Overall, the relationship between a banker and a customer can be understood in terms of a lesser and lessee relationship, where the customer leases the use of the bank’s assets in exchange for various financial services and access to credit. The bank, as the lesser, has a fiduciary duty to act in the best interests of the customer and to use reasonable care, skill, and diligence in managing the customer’s assets.
Relationship as Pledger and Pledgee
The banker performs the relationship of Pledger and Pledgee when the customer took the loan from the bank and deposits some security to the banker. The customer becomes a pledger and the bank is pledgee.
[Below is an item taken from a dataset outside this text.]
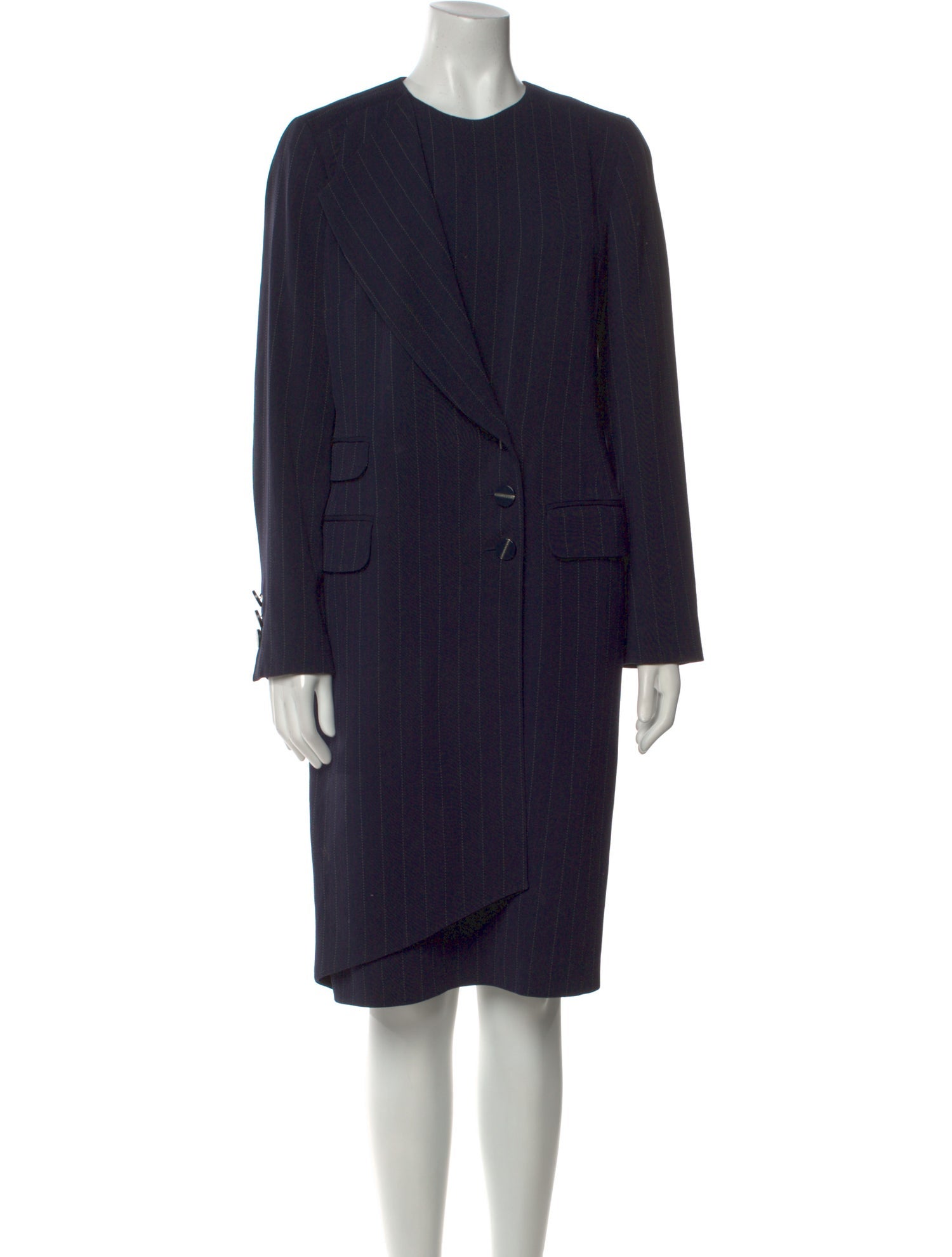 Louis Feraud Virgin Wool Midi Length Dress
The security of the customer will remain in the custody of the bank until the person repays the money from the loan taken by him from the bank.
The relationship between a banker and a customer can also be understood as a pledgee and a pledger. In this context, a pledge is a legal agreement in which a borrower (the pledger) gives the lender (the pledgee) the right to take possession of and sell the specific property (the collateral) if the borrower defaults on the loan. This type of arrangement is commonly used in secured lending, where the borrower is required to provide collateral in order to secure the loan.
In a banking context, the customer may pledge assets such as real estate, vehicles, or stocks as collateral for a loan or line of credit. The bank, as the pledgee, holds the right to take possession of and sell the pledged assets in the event that the customer defaults on the loan. This allows the bank to recover its losses if the borrower is unable to repay the loan.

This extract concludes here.